Friday List: Five unconventional holiday movies

By Jen Chaney

Nothing says Christmas like Jake Gyllenhaal in a Santa hat. (Universal)

Like so much about the yuletide season, when it comes to our Christmas movies, we tend to fall back on tradition. Hence, at some point in December, we feel obligated to sit down and watch one or all of the following: "It's a Wonderful Life," "A Christmas Story," "Miracle on 34th Street," "National Lampoon's Christmas Vacation" and/or "Elf."

And hey, there's nothing wrong with that. I also feel like something is amiss if I haven't spent time with George Bailey or Ralphie Parker before the holidays are over.

But sometimes it's nice to mix it up. Which is why, five years ago, I wrote this list of unconventional holiday movies to watch on DVD. That first list led to a second list, then morphed into an annual little Washington Post tradition of its own. This year's rundown of 10 unconventional holiday movies -- the fifth -- appears online and in today's Weekend section of the Post.

With five years of Christmas flicks under my belt, this seemed like a good time to devote a Friday list to five of my favorite unconventional holiday movies from the past half-decade's worth of lists. The criteria for making the cut: each movie must either be set during the fa-la-la season or include at least one memorable Christmas scene. Of course, there are still plenty more that haven't made my lists, so feel free to chime in with your favorites by posting a comment.

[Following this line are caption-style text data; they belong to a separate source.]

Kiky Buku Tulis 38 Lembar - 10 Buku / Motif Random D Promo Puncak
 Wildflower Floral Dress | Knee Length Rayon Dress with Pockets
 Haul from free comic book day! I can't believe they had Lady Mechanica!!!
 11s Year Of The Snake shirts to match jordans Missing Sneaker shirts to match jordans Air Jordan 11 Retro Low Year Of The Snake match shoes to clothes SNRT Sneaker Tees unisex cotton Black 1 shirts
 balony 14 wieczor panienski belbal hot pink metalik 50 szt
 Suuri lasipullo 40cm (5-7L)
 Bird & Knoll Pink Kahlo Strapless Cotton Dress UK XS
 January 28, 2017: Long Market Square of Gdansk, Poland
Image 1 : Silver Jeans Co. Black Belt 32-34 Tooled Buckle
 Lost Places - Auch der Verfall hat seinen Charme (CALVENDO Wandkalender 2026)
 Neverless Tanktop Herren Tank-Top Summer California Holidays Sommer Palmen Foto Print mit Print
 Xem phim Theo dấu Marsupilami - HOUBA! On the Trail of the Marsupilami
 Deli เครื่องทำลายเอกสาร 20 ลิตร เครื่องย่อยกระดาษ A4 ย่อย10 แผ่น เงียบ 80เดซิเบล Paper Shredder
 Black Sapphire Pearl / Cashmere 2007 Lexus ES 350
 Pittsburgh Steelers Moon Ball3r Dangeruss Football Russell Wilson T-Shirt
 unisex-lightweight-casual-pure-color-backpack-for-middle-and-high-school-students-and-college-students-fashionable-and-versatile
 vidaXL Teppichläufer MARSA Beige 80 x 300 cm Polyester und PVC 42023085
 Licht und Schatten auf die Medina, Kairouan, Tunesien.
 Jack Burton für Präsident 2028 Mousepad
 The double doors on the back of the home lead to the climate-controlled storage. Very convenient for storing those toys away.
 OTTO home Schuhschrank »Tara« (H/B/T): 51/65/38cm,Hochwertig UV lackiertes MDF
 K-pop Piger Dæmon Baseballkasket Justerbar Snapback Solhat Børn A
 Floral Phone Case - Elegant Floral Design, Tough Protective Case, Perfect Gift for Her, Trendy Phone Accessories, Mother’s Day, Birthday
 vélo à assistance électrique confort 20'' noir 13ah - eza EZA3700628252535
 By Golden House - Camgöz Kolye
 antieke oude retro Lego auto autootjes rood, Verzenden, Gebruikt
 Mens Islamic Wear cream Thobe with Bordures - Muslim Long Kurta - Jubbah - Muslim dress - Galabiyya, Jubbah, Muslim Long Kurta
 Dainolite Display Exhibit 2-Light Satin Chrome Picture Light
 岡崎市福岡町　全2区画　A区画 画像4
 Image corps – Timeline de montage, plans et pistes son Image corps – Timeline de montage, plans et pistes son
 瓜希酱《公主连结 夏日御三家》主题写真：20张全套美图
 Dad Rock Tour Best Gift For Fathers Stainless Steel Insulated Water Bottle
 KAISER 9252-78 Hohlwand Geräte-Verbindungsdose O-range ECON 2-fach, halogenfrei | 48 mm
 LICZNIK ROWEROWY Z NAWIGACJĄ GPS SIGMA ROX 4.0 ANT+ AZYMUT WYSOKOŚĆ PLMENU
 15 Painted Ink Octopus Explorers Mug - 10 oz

"The Sure Thing" (from the 2006 list)

John Cusack must be subconsciously drawn to offbeat holiday fare. He's appeared in a few films that fall into that category, including "Better Off Dead" (yes, the Lane Meyer Story does include some yuletide moments) and the little-seen "The Ice Harvest." But 1985's "The Sure Thing" -- in which Cusack and an uptight Daphne Zuniga fall in love while trekking across country during the holidays -- is my favorite. Who can resist Cusack as Walter Gibson, buying a holiday round and joining in a sing-along of "The Christmas Song"?

"The Thin Man" (the 2007 list)

Speaking of drinking, let's turn to Nick and Nora Charles, the banter-trading, crime-solving couple (played by William Powell and Myrna Loy) who manage to solve a murder while throwing killer holiday cocktail parties in this 1934 classic. Shooting at the Christmas tree while drunk never seemed so classy.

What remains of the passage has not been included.